I think you need better timings. I also disagree with the accepted answer.

b is a dictionary with 9 keys; the values are lists of arrays. That means both pickle.dump and np.save will be using each other - pickle uses save to pickle the arrays, save uses pickle to save the dictionary and list.

save writes arrays. That means it has to wrap your dictionary in a object dtype array in order to save it.

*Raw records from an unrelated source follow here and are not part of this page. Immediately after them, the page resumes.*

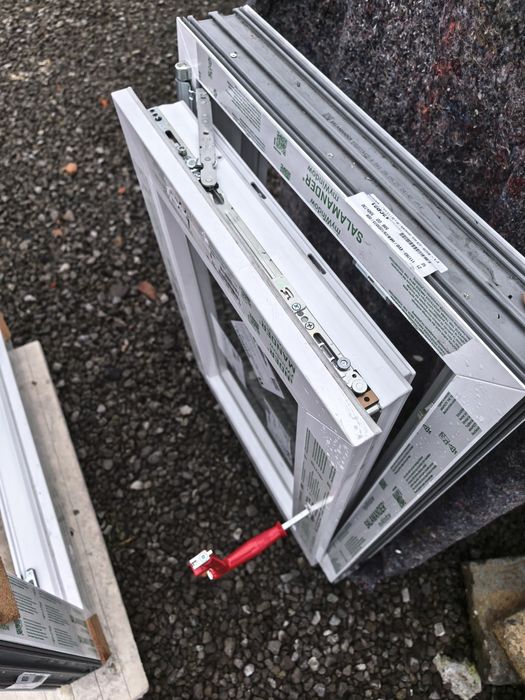 Sprzedam nowe okna PCV SALAMANDER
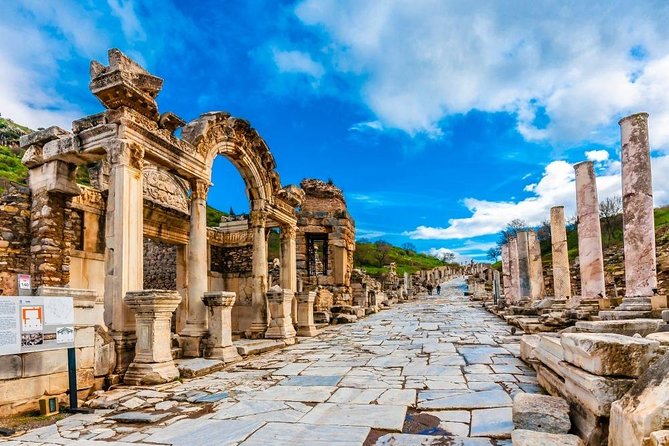 Private Ephesus &The Mary's House Tour for Cruisers(skip theline) - The Temple of Artemis in a brief 20-minute stop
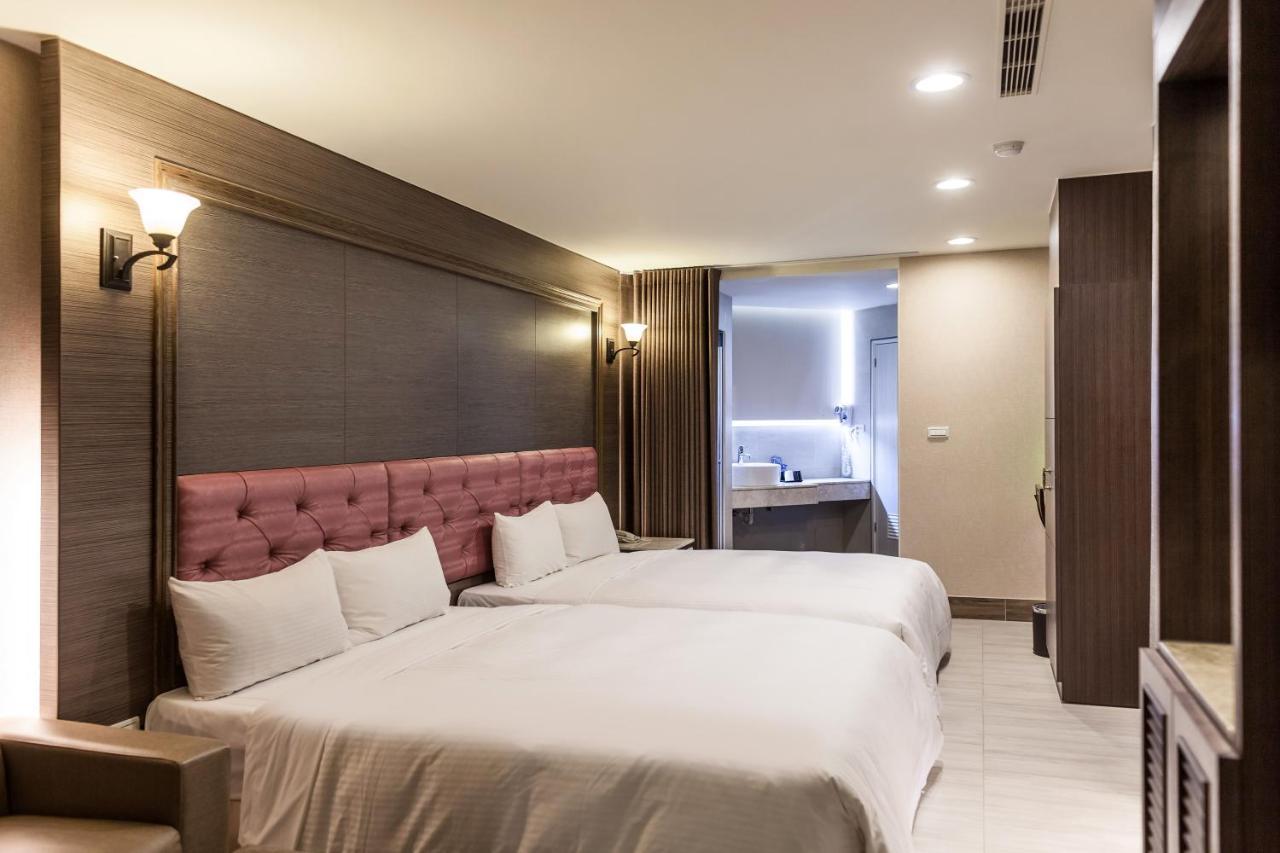 Maple Hotel Second Branch Tajnan Kültér fotó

In [6]: np.save('test1',b)
In [7]: d=np.load('test1.npy')
In [8]: d
Out[8]: 
array({0: [array([0, 0, 0, 0])], 1: [array([1, 0, 0, 0]), array([0, 1, 0, 0]), .... array([ 1, -1,  0,  0]), array([ 1,  0, -1,  0]), array([ 1,  0,  0, -1])]},
      dtype=object)
In [9]: d.shape
Out[9]: ()
In [11]: list(d[()].keys())
Out[11]: [0, 1, 2, 3, 4, 5, 6, 7, 8]

Some timings:

In [12]: timeit np.save('test1',b)
850 µs ± 36.9 µs per loop (mean ± std. dev. of 7 runs, 1000 loops each)
In [13]: timeit d=np.load('test1.npy')
566 µs ± 6.44 µs per loop (mean ± std. dev. of 7 runs, 1000 loops each)

In [20]: %%timeit 
    ...: with open('testpickle', 'wb') as myfile:
    ...:     pickle.dump(b, myfile)
    ...:     
505 µs ± 9.24 µs per loop (mean ± std. dev. of 7 runs, 1000 loops each)
In [21]: %%timeit 
    ...: with open('testpickle', 'rb') as myfile:
    ...:     g1 = pickle.load(myfile)
    ...:     
152 µs ± 4.83 µs per loop (mean ± std. dev. of 7 runs, 10000 loops each)

In my timings pickle is faster.

The pickle file is slightly smaller:

In [23]: ll test1.npy testpickle
-rw-rw-r-- 1 paul 5740 Aug 14 08:40 test1.npy
-rw-rw-r-- 1 paul 4204 Aug 14 08:43 testpickle